Videos with no subtitles?
Non-English videos? (Seemingly not available in the howto100m/v2d_40k subset?)
Check if timestep --> frame mapping is correct. Rounding is sensible? Or rather use floor/ceil for start/end? Also, the timestamps seem weirdly short within the transcripts...
Some dir stuff, but not problematic

Metadata:

Very similar to transcript structure, but save to json instead of jsonl.
TO DOs:

Adapt METADATA_MAPPING as needed (see Transform from v2d format into a metadata format and save in metadata/ directory. #16 (comment))

markus583 · 2024-07-16T11:54:12Z

Works fine on todi using /store/swissai/a08/data/4m-data/train/DEBUG/v2d_40k/train/

kdu4108 · 2024-07-16T14:26:05Z

What about errored videos? Why/when does this happen?

Can you share the error? Likely it's that the video is now private or no longer exists and so can't be downloaded.

Videos with no subtitles?

How often does this happen?

Non-English videos? (Seemingly not available in the howto100m/v2d_40k subset?)

We intentionally decided to ignore non-English videos for now to keep the scope smaller.

Check if timestep --> frame mapping is correct. Rounding is sensible? Or rather use floor/ceil for start/end? Also, the timestamps seem weirdly short within the transcripts...

The timestep should be left inclusive, right exclusive. So if a clip is from timestamp 1m30 to 1m39 and frame A is at 1m29.9, frame B is 1m30.0, ..., frame Y is 1m39.9, frame Z is 1m40.0, then we would want start_frame_index=A and end_frame_index=Z

markus583 · 2024-07-17T09:16:23Z

What about errored videos? Why/when does this happen?

Can you share the error? Likely it's that the video is now private or no longer exists and so can't be downloaded.
The json looks like this:
{'url': 'https://www.youtube.com/watch?v=maixx6u6WSM', 'key': '0000000045', 'status': 'failed_to_download', 'error_message': "[Errno 2] No such file or directory: '/tmp/3e5ec4c0-42c2-4784-9f87-4025a4bec186.m4a'", 'yt_meta_dict': None}
So, yes, seems like it could not download the video.

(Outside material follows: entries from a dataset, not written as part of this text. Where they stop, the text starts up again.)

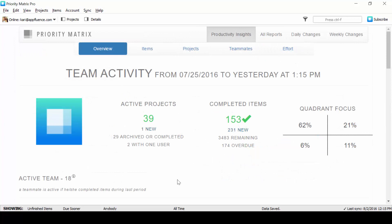Priority Matrix reports are constantly evolving to help you manage more effectively. And the best part is, the more your team uses the system, the better your reports will become. Give it a try, and let us know what you think.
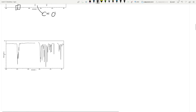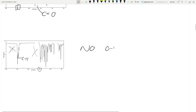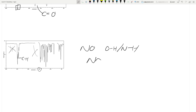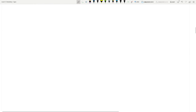This last spectrum is very easy. This is just a CH. There's nothing here, and this is 1,500, so there's nothing in the carbonyl region either. So there's no OH and NH, and there's no C double bond O. Again, what you see on the spectrum is important — equally as important as what you don't see. If peaks are not there, that's also very, very helpful.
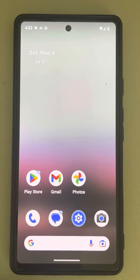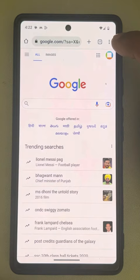Hi guys, if Chrome is opening up unwanted spam pages by itself on an Android phone, here is the fix. What you have to do is open Chrome, then tap on the three vertical dots and tap on settings.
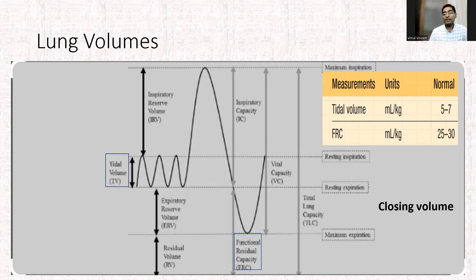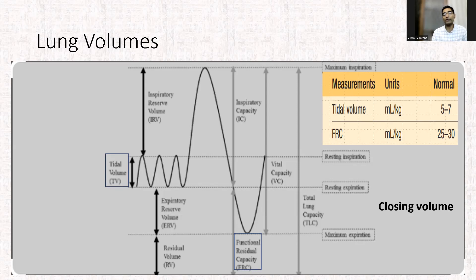Another aspect to be aware of is the closing volume. This is the volume of air in the lungs when the alveoli start to close. Usually this closing volume is less than the functional residual capacity, so at FRC all the alveoli are normally open. But in some conditions like RDS or pneumonia, this closing volume can be more than the functional residual capacity, so at FRC the alveoli may be closed.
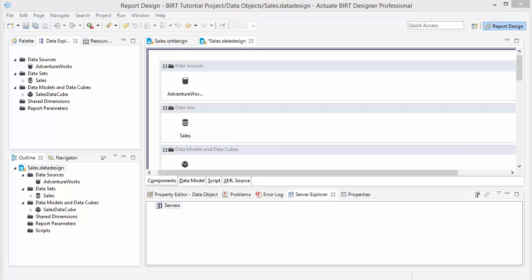Hi, this is Aaron with reportingguru.com again. In this video I'm going to continue to build another data set and a cube so that we can upload the data model to BERT iHub server so that we can then create dashboards from that cube.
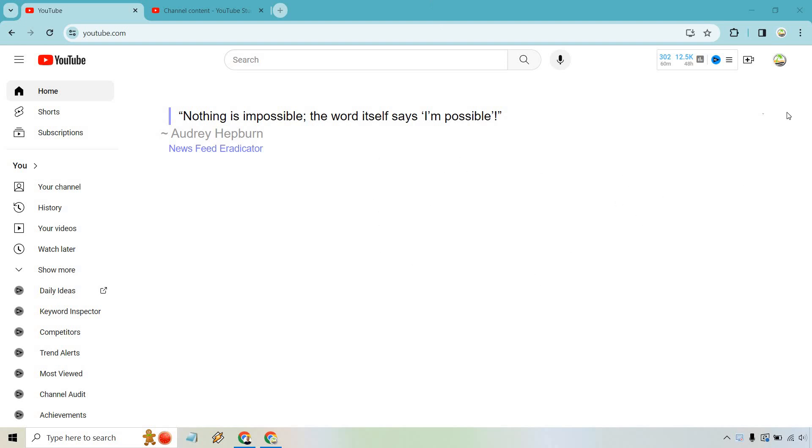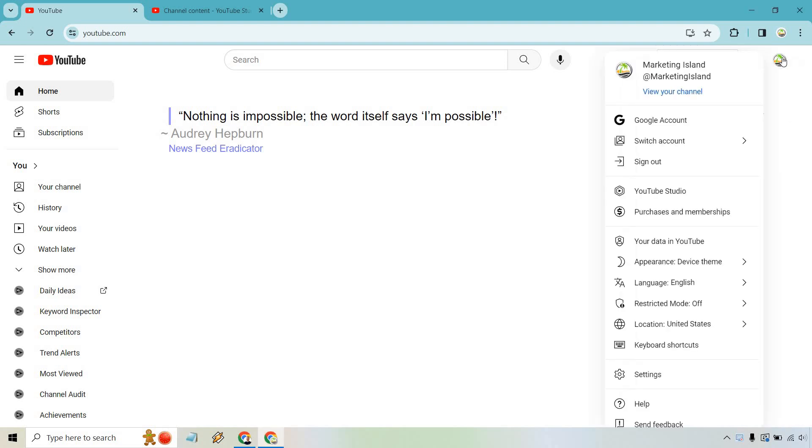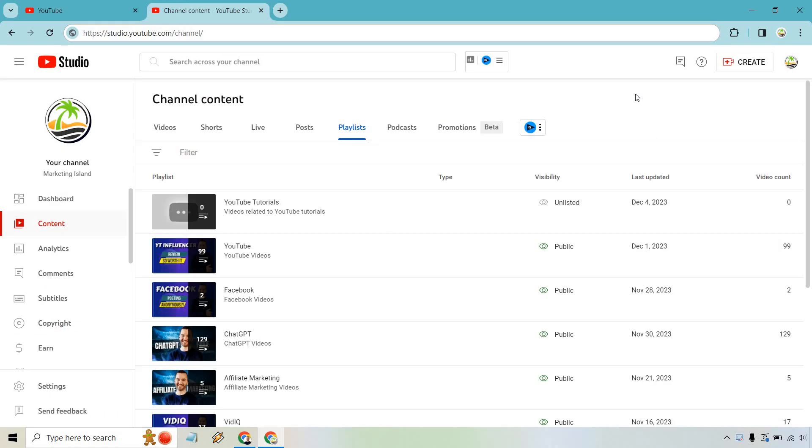What you want to do here is click on your actual icon, and if you scroll down ever so slightly, you're going to go to YouTube Studio.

What is a bit more common is that there is no yt_meta_dict:
{'url': 'https://www.youtube.com/watch?v=ng_ELNno0A4', 'key': '0000000005', 'status': 'success', 'error_message': None, 'yt_meta_dict': {}}

Any idea when/why this occurs @kdu4108? This not only contains transcripts but also other info.
Happens in 5-10% of videos.

The timestep should be left inclusive, right exclusive. So if a clip is from timestamp 1m30 to 1m39 and frame A is at 1m29.9, frame B is 1m30.0, ..., frame Y is 1m39.9, frame Z is 1m40.0, then we would want start_frame_index=A and end_frame_index=Z

Seems sensible. Let's wait with the implementation until we have metadata containing transcripts with proper timestamps.

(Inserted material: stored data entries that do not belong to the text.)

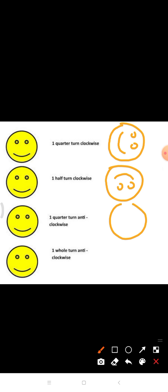Now let's do some questions. For the first emoji, we give it a quarter turn in clockwise direction — it will turn like this. For the second, we give it a half turn clockwise — it will look like this. For the third, we give it a quarter turn anti-clockwise. And for the last one, we give it one whole turn anti-clockwise, which means it will be the same as the original emoji.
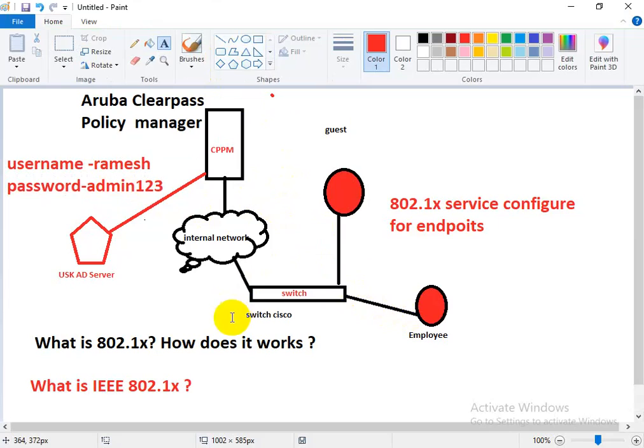What is 802.1X? First of all, what is IEEE 802.1X? A device attempting to connect to a LAN requires an authentication mechanism. IEEE 802.1X is a standard — it is a port-based network access control. It provides protected authentication for secure network access.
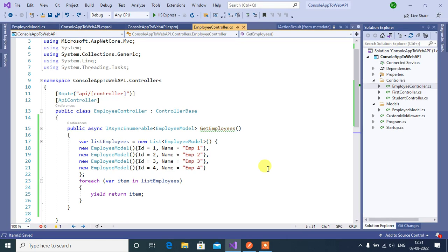In this video we will discuss about IActionResult return type in ASP.NET Core Web API application. The IActionResult is an interface and it is used to return multiple types of data.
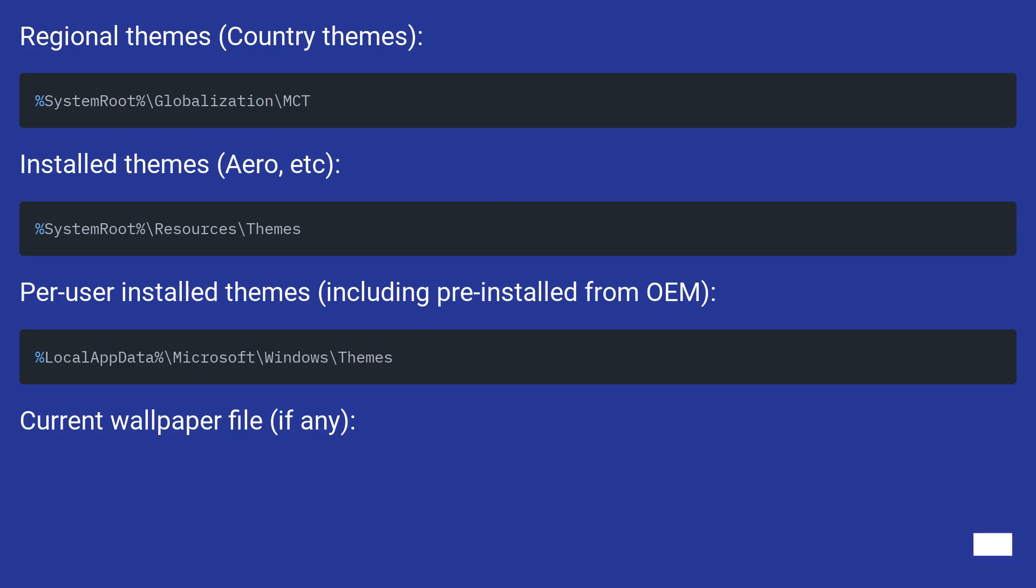Regional themes, country themes, installed themes, Aero, etc.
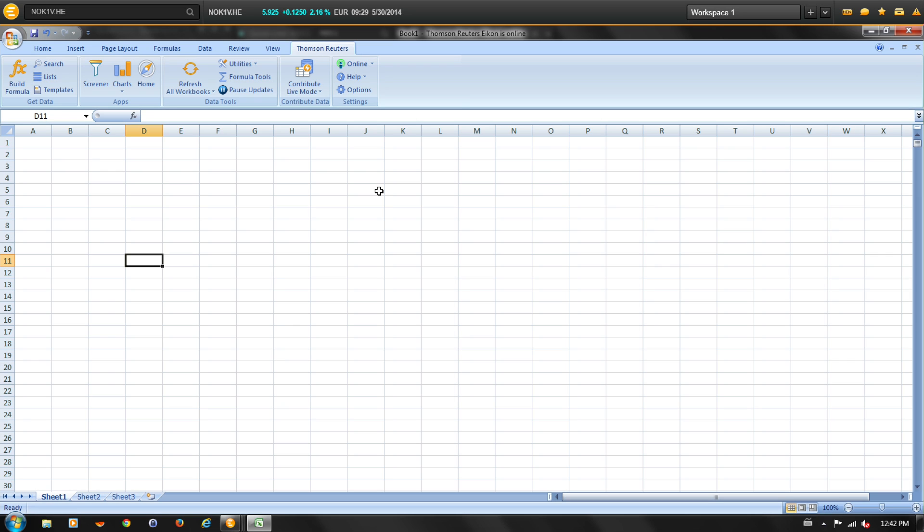In this training video we're going to use the search tool in MetaStock Zenith Excel to quickly access a variety of information.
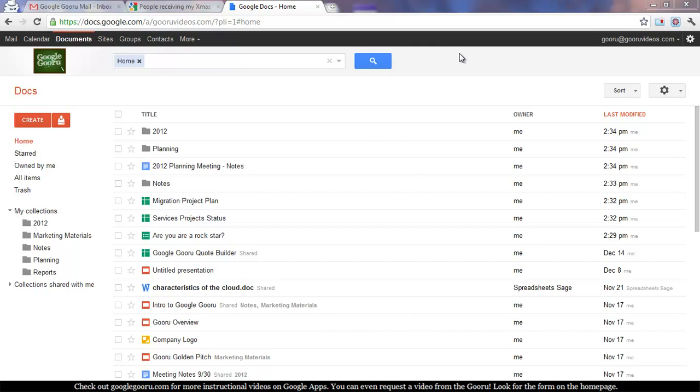Today we're going to show you something pretty quick, and that's how to add a Google Doc to multiple collections at one time.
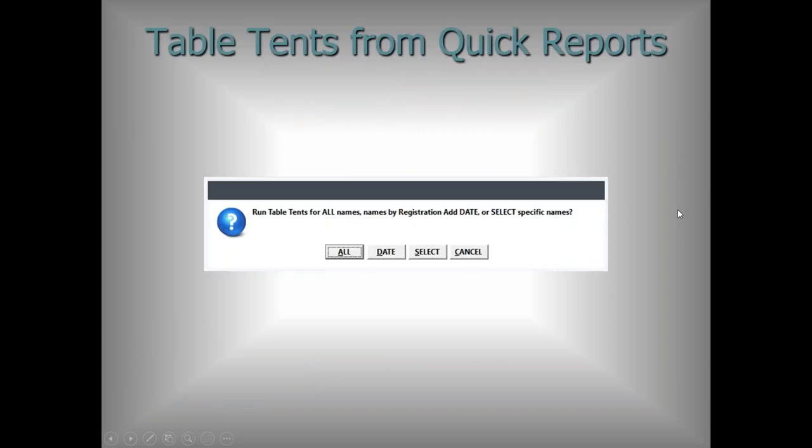Table tents: when running within Quick Reports from the course screen, previously it would just run for all of them. But as you may know from other Quick Report areas, there's a question about whether you want to do all names, scope by registration date, or select specific names. Somebody thought it would be a good idea to also have that for table tents — and it took all of ten seconds to copy and paste into that section.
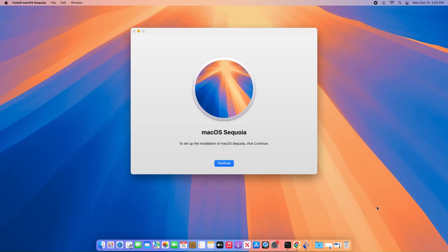If you're interested in making a bootable USB installer for macOS Sequoia, check out my separate in-depth tutorial. Click the video popping up on screen now, and I'll see you there.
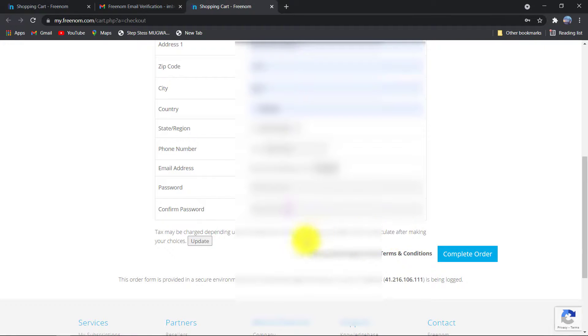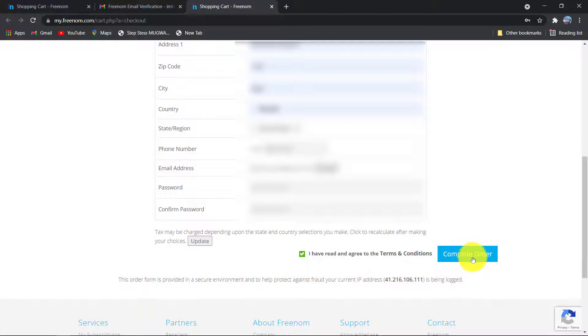Check the box and click on Complete Order.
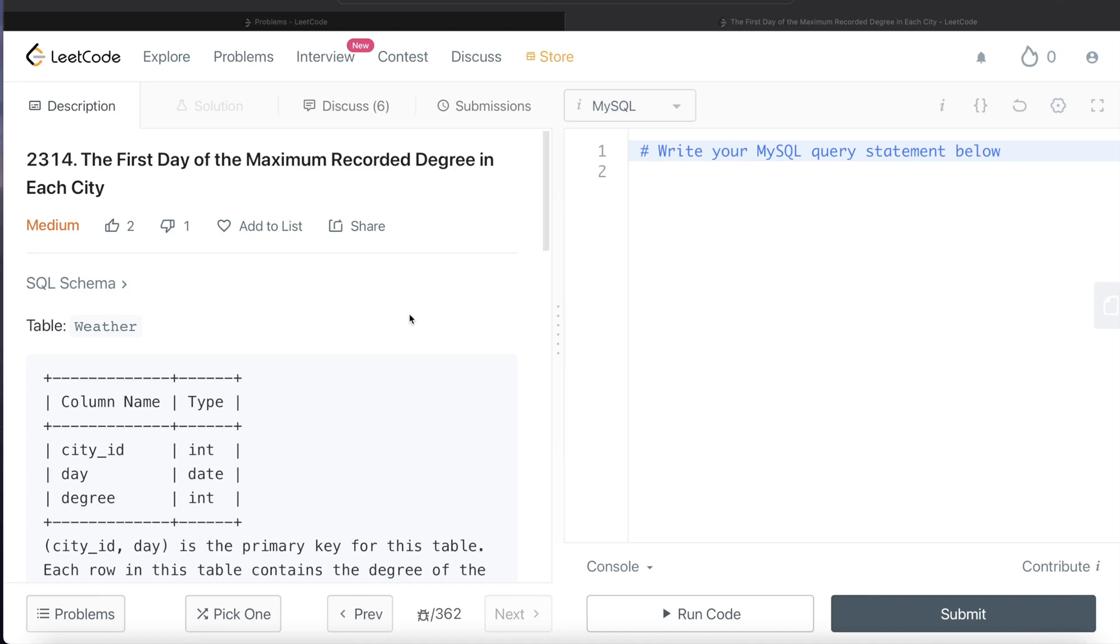Hey guys, welcome back to the channel. This channel, Everyday Data Science, is all about trying to learn the different concepts involved in data science by practicing a lot of questions.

--> TODO: adapt frame calculation

kdu4108 · 2024-07-19T09:18:28Z

v2d_to_metadata.py

+
+if __name__ == "__main__":
+    parser = argparse.ArgumentParser(
+        description="Process tarfiles contati JSONs and convert to structured JSONL format."


kdu4108 · 2024-07-19T09:19:56Z

v2d_to_transcript.py

+    hrs, mins, secs = map(float, timestamp.split(":"))
+    total_seconds = timedelta(hours=hrs, minutes=mins, seconds=secs).total_seconds()
+    # TODO: is round the right way of doing this? Most transcripts are assigned to only 1-2 frames...
+    return round(total_seconds * fps)


We should be left inclusive and right exclusive.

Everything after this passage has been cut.